Where are you from?
Oviedo, Florida
How long have you been practicing photography?
45 years
How long have you been diving?
53 years, PADI Open Water Instructor
Is photography your full-time job?
I'm retired but I work for Bluewater Dive Travel as a photo instructor/trip leader and also for the Aggressor Fleet as a photojournalist.
What’s your favorite camera?
Nikon D850, my current camera in a SEACAM housing
Have you won any awards before?
Ocean Geographic Pictures of the Year Competition 2024, Winner, OG Photo Journalist Award Award of Excellence: Finalist, 2024 Ocean Geographic Pictures of the Year, Portfolio Category: Third Place, 2024 Video Short Category, Ocean Geographic Blue Carbon Photo/Video Competition: First Place, 2018 Sigma Photo Competition, Macro Image Category
How did you get started in underwater photography?

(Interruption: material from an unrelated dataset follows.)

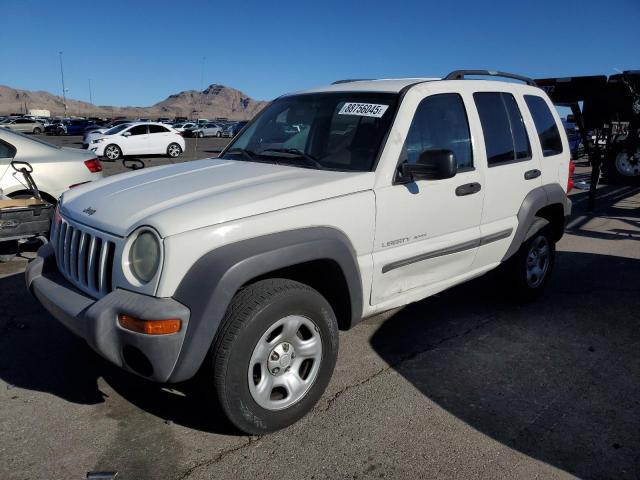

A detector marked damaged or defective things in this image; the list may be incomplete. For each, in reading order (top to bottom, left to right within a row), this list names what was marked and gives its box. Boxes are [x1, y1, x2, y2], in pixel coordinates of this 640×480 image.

cracked asphalt [1, 149, 640, 476]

When I was in grade school, there was an article in National Geographic on Alligator Reef in the Florida Keys; even as a kid, the images stunned me and I knew I wanted to eventually shoot underwater photography
Favorite place to shoot underwater?
Anywhere there are subjects to shoot.
Related Reading: How to Care for Your Underwater Camera Housing
What's your most unforgettable moment underwater?
Shooting in 28 degrees Fahrenheit water in Antarctica!
What inspires your photography?
My lifelong passion for the ocean environment
How would you describe your photography style?
I think very selectively about what I want to shoot and how I want to shoot it before hitting the water. I try to achieve a single image as close to perfect in artistic content as I can capture it on each dive versus surfacing with 100 snapshots of 100 different subjects. I think my learning to shoot using film before the advent of digital systems, where I was limited to just 36 shots at best, helped develop my strategy.
What's your #1 bucket-list dive destination?
The Eastern Fields in the Northern Coral Sea between Papua New Guinea and Australia.
What's your advice for underwater shooters entering their first photo contest?
Look at past category winners and see what the judges found in the image (artistic value, technical difficulty, novelty, super rare subject matter, unusual animal behavior, etc.) that made it a winner. Use that information to find and shoot your subjects going forward. If you can hit one of the above content buttons on a subject that is fresh and new, without replicating what has already won a competition, you will have a winning image.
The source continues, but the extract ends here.